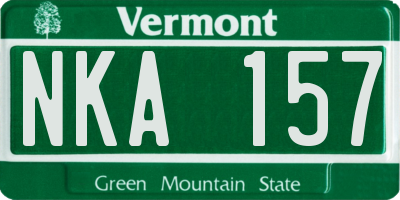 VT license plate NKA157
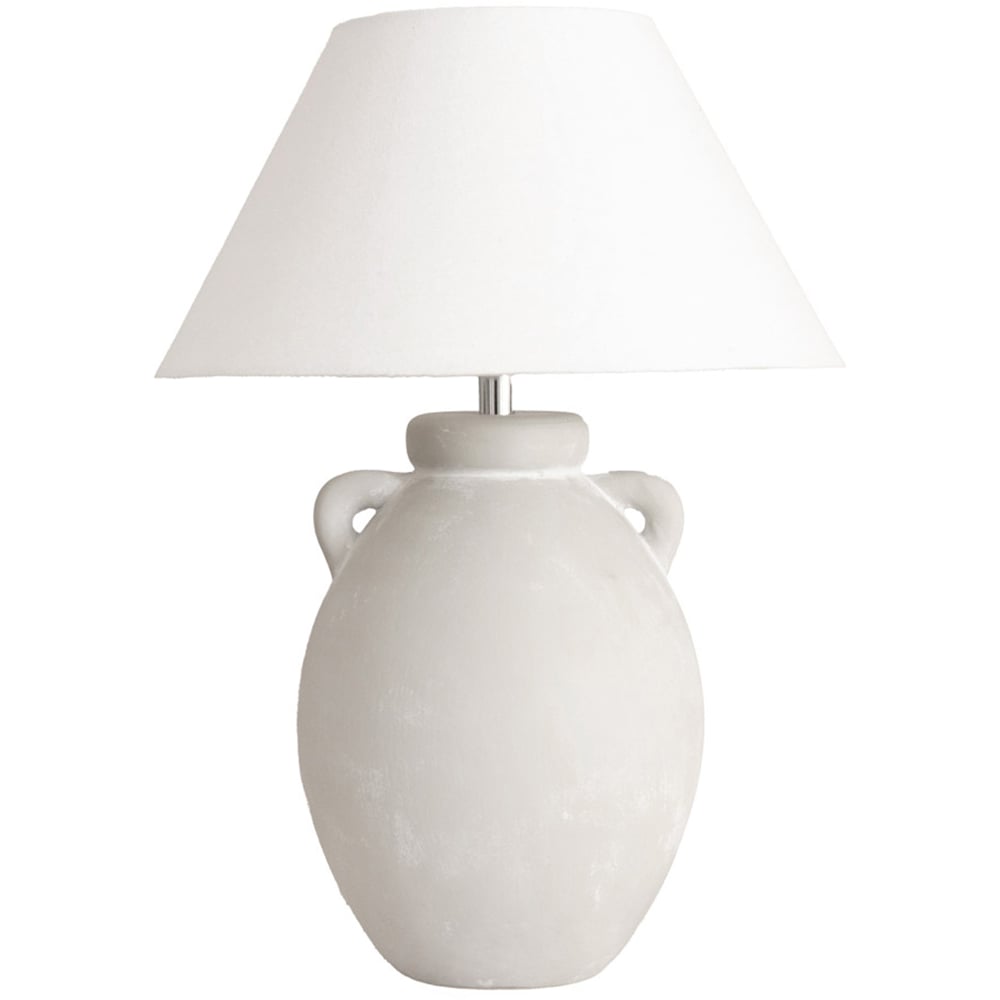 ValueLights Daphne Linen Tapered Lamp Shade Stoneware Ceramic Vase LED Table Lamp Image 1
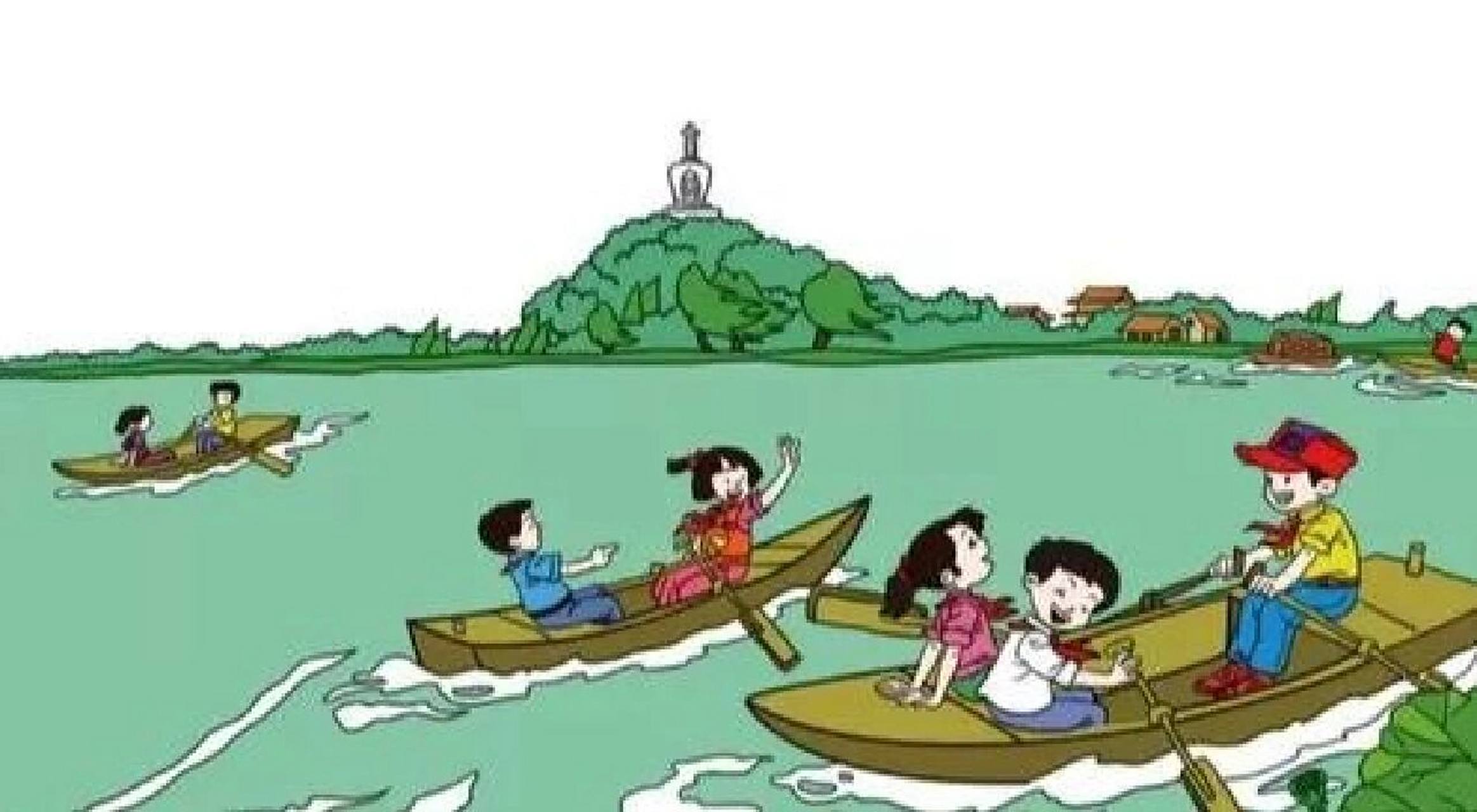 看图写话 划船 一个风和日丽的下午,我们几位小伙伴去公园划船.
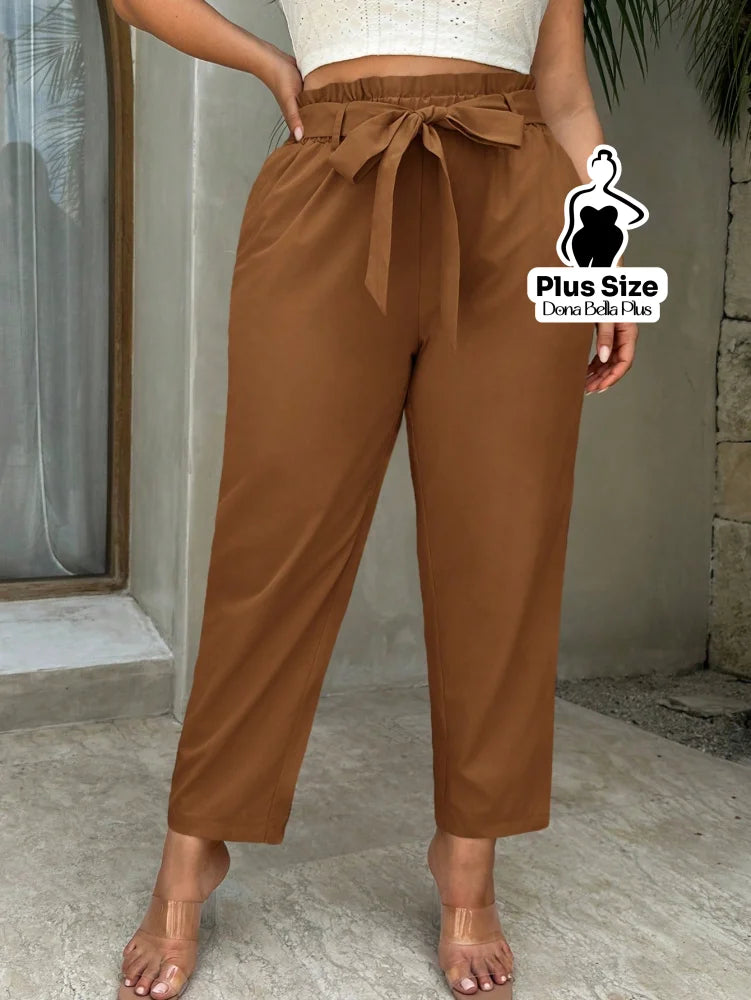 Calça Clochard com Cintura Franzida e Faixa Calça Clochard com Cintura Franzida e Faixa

============================================================

● TRY IT
Restate the data word for word and exclude every picture.

● ANSWER TO THIS EXERCISE
 VT license plate NKA157
 ValueLights Daphne Linen Tapered Lamp Shade Stoneware Ceramic Vase LED Table Lamp Image 1
 看图写话 划船 一个风和日丽的下午,我们几位小伙伴去公园划船.
 Calça Clochard com Cintura Franzida e Faixa Calça Clochard com Cintura Franzida e Faixa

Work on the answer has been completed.